I am trying to compute Teacher-Forced Accuracy (TFA) for Hugging Face models, ensuring the following:
- EOS Token Handling: The model should be rewarded for predicting the first EOS token.
- Ignoring Padding: Any padding tokens (beyond the first EOS) should be ignored during accuracy calculation.
- Right-Shifted Input: The inputs are shifted correctly for teacher-forced training.
- List item
Here’s the full code I wrote:
import torch
from transformers import AutoTokenizer, AutoModelForCausalLM
def compute_tfa(model, tokenizer, input_texts):
"""
Computes Teacher-Forced Accuracy (TFA), rewarding the model for correctly predicting
the first EOS token while ignoring predictions for padding tokens.
Parameters:
model: The language model (Hugging Face CausalLM).
tokenizer: The tokenizer corresponding to the model.
input_texts: List of input texts to compute TFA.
Returns:
TFA score as a float.
"""
# Tokenize input texts
tokenizer.pad_token = tokenizer.eos_token # Use EOS as the pad token
inputs = tokenizer(input_texts, return_tensors='pt', padding=True, truncation=True)
input_ids = inputs['input_ids']
# Create right-shifted input by adding the EOS token at the beginning
eos_token_id = tokenizer.eos_token_id
right_shifted_input_ids = torch.cat([
torch.full((input_ids.shape[0], 1), eos_token_id, dtype=torch.long), # Add EOS token
input_ids[:, :-1]
], dim=1)
# Perform a forward pass with the right-shifted inputs
with torch.no_grad():
outputs = model(input_ids=right_shifted_input_ids)
logits = outputs.logits # Shape: (batch_size, sequence_length, vocab_size)
# Compute predictions
predicted_token_ids = torch.argmax(logits, dim=-1) # Shape: (batch_size, sequence_length)
# Find the first EOS position in each sequence
eos_positions = (input_ids == eos_token_id).int().argmax(dim=1) # Shape: (batch_size,)
# Mask to ignore tokens after the first EOS
sequence_lengths = input_ids.size(1)
mask = torch.arange(sequence_lengths).unsqueeze(0).to(input_ids.device)
mask = mask < eos_positions.unsqueeze(1)
# Include the first EOS token in the mask
mask.scatter_(1, eos_positions.unsqueeze(1), 1)
# Apply the mask to filter predictions and labels
filtered_predictions = predicted_token_ids[mask]
filtered_labels = input_ids[mask]
# Compute accuracy
correct_predictions = (filtered_predictions == filtered_labels).float()

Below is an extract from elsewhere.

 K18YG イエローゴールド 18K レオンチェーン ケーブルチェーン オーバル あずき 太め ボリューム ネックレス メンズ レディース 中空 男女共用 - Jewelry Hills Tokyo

accuracy = correct_predictions.mean().item()
return accuracy
def main():
# Define models and their URLs
models_and_urls = {
"google/gemma-2-2b": "https://huggingface.co/google/gemma-2-2b",
"meta-llama/Llama-3.1-8B": "https://huggingface.co/meta-llama/Llama-3.1-8B",
"gpt2": "https://huggingface.co/gpt2"
}
# Define input texts
input_texts = [
"The quick brown fox jumps over the lazy dog.",
"Artificial Intelligence is transforming the world of science."
]
# Test each model
for model_name, model_url in models_and_urls.items():
print(f"Testing model: {model_name} ({model_url})")
tokenizer = AutoTokenizer.from_pretrained(model_name)
model = AutoModelForCausalLM.from_pretrained(model_name)
# Compute TFA
tfa_score = compute_tfa(model, tokenizer, input_texts)
print(f"Teacher-Forced Accuracy (TFA) for {model_name}: {tfa_score:.4f}\n")
if __name__ == "__main__":
main()
What I Need Help With:
-
EOS Token Masking: Is the masking logic I implemented for ignoring tokens after the first EOS correct? Specifically, I used:
mask = torch.arange(sequence_lengths).unsqueeze(0).to(input_ids.device) mask = mask < eos_positions.unsqueeze(1) mask.scatter_(1, eos_positions.unsqueeze(1), 1)
Is this the best way to ensure only tokens up to and including the first EOS are considered?
-
Right-Shifted Input: I prepend the EOS token to the input like this:
right_shifted_input_ids = torch.cat([ torch.full((input_ids.shape[0], 1), eos_token_id, dtype=torch.long), input_ids[:, :-1] ], dim=1)
Is this a standard way to handle the right-shift for teacher-forced evaluation?
-
Generalization: The code is designed to evaluate multiple models, such as
google/gemma-2-2b
,meta-llama/Llama-3.1-8B
, andgpt2
. Are there any additional considerations or best practices I should follow for TFA computation across diverse models? -
Performance Optimization: Is there a more efficient way to compute the mask and apply it to the predictions and labels? My current method seems to work but might be suboptimal for larger datasets.
Any feedback or suggestions would be greatly appreciated!